Successful as he became, though, something was still missing for Workman. He’d released a trio of well-received solo albums in the ’90s and early 2000s, but as his sideman and film composing careers exploded, he found that he had to put his own artistic visions on the backburner.
“I absolutely love all the work I get to do with other artists and filmmakers,” he explains, “but sometimes you need to articulate your own thoughts and feelings as a writer, too. There’s a singular satisfaction that comes from creating something that’s a pure expression of yourself.”
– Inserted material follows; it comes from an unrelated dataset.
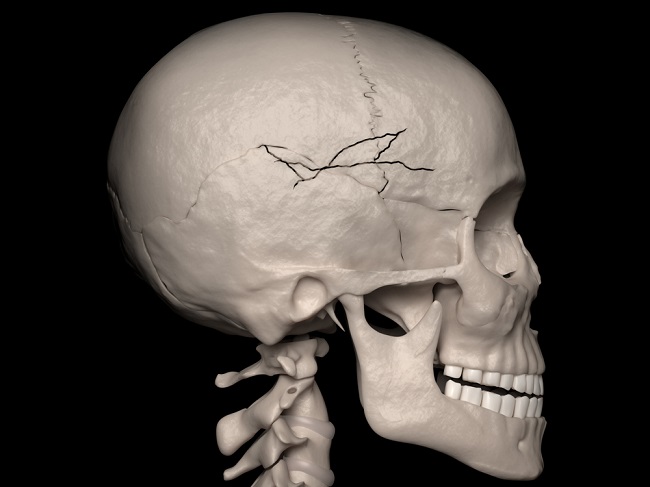 Detail Anatomi Tengkorak Kepala Nomer 3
And so, Workman embarked on the epic journey that would become Uncommon Measures, beginning at first by shutting off his mind and simply letting the music flow in his Los Angeles studio. From those improvised guitar and keyboard sessions, he began shaping discrete songs, some short and sweet, others clocking in at ten minutes and consisting of multiple suites and movements. Next, he assembled an all-star band to help flesh out the core material, tapping drummers Vinnie Colaiuta (Joni Mitchell, Frank Zappa) and Matt Chamberlain (Bob Dylan, Bruce Springsteen) along with bassist Tim Lefebvre (David Bowie, Wayne Krantz) and pedal steel wizard Greg Leisz (Eric Clapton, Jackson Browne,) among other A-Listers. Finally, with the intoxicating grooves of a fully realized rhythm section in place, Workman began the lengthy back-and-forth process of creating orchestral arrangements with John Ashton Thomas, the orchestrator extraordinaire behind films like Black Panther and Captain Marvel.
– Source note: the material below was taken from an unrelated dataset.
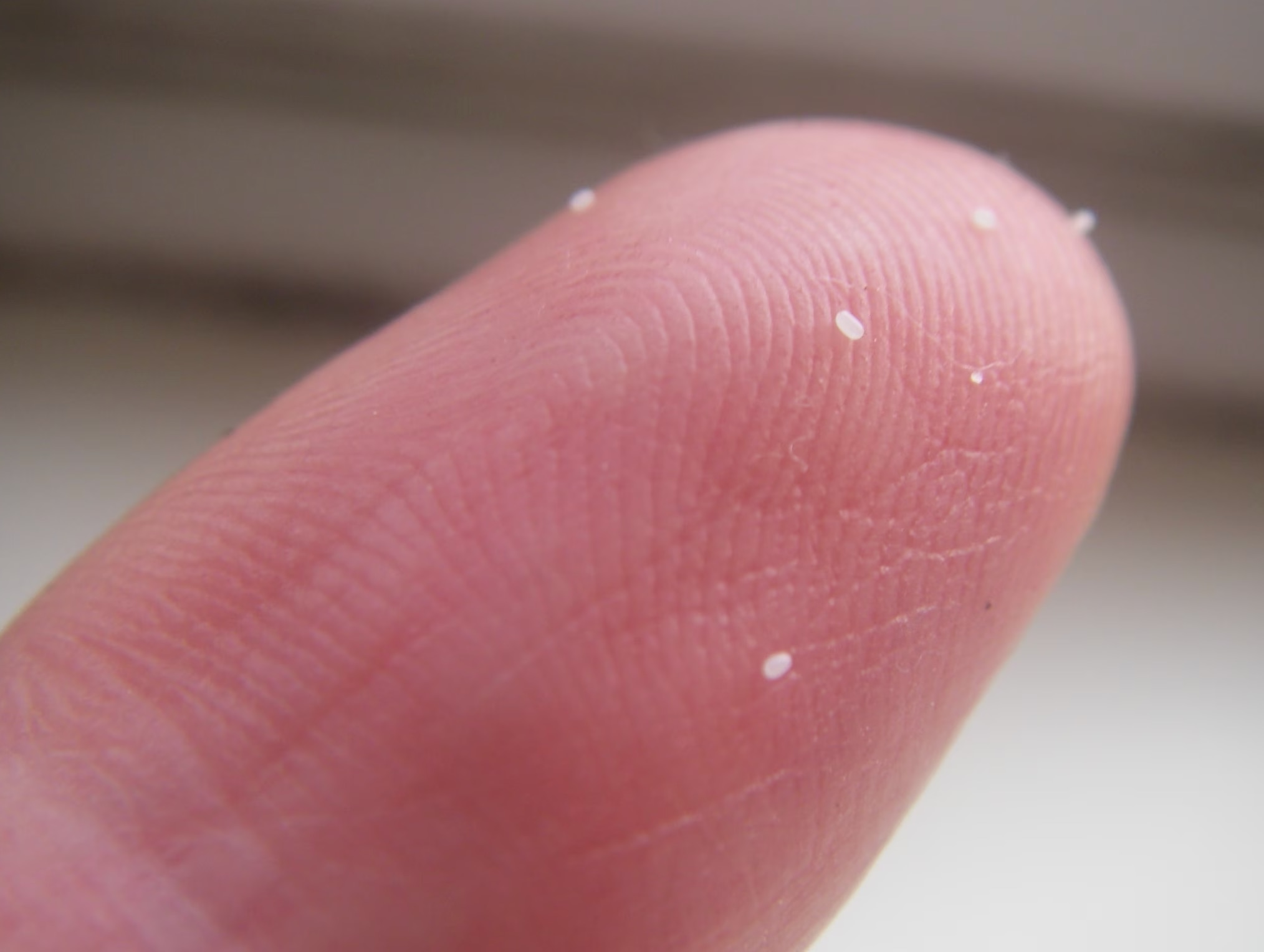 what do flea eggs look like; a finger holds up tiny white specks, which are flea eggs.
“For the most part, I’d start with an orchestral mockup using computer samples, which John would then take and run with,” says Workman. “On the track “Arc of Life,” though, I used guitar to map out the harmony and counterpoint intended for strings, woodwinds, and brass, and then had John apply it to the orchestral domain along with his own brilliant embellishments, which make the piece even more grand and dynamic. John and I grew up with the same influences, so there’s a personal and professional kinship between the two of us, along with a deep mutual respect for each other’s musicianship, that made the record such a joy
When it came time to record the orchestra, Thomas cherry-picked 63 of London’s finest players and gathered them at Abbey Road for nine-and-a-half hours of pure magic. The session was a “pinch me” moment for Workman, both as a kid who grew up obsessed with The Beatles and as a composer finally seeing his vision come to life.
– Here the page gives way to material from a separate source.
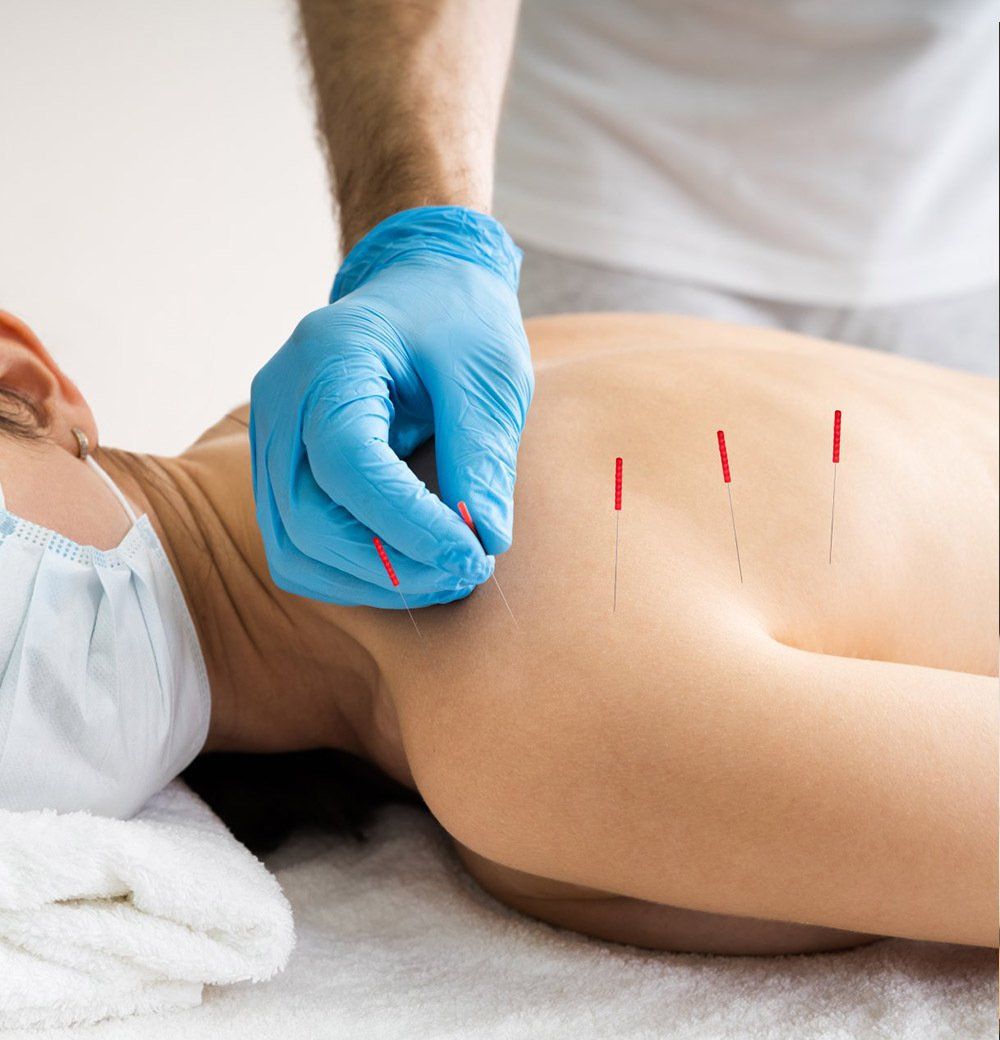 Acupuncture Skin Treatment — Dry Needling in Port Stephens, NSW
“Being in that studio with the orchestra playing my songs, it was like hearing everything go from black and white to Technicolor,” he explains. “They added a soul and a humanity to everything that was just so beautiful and three dimensional.”
That soul and humanity lies at the heart of Uncommon Measures, which showcases not only Workman’s unparalleled musicianship, but also his profound empathy and expansive emotional vocabulary. Tracks like the dizzying “North Star” and pulse-pounding “All The Colors Of The World” balance breakneck guitar runs and instrumental fireworks with moments of deep calm and poignant reflection, while more playful tunes like the ecstatic “Noble Savage” and funky, horn-fueled “Unsung Hero” revel in the joys of creative freedom. As the record progresses, Workman finds himself looking inwards more and more, appreciating the beauty in melancholy with the meditative “Labyrinth Of Love” and finding hope for the future on the expansive “Rise And Shine.” As varied as the tracks here are—the final song, “Our Friendship,” is actually a Thomas composition inspired by the pair’s working relationship—there’s an underlying cohesiveness that binds the collection as a whole, a unified approach to the music rooted in a radical exploration and embrace of the self.
“If there’s any one thing that ties all of these songs together,” says Workman, “it’s the power of expressing yourself at all costs, of free falling into the music with complete abandon. When I’m working on a film or someone else’s record, there are always parameters to follow and opinions to consider, but here, there were no boundaries at all. I could do anything I wanted.”
For an artist like Lyle Workman, when the possibilities are infinite, the infinite becomes possible. “Uncommon Measures” is proof of that.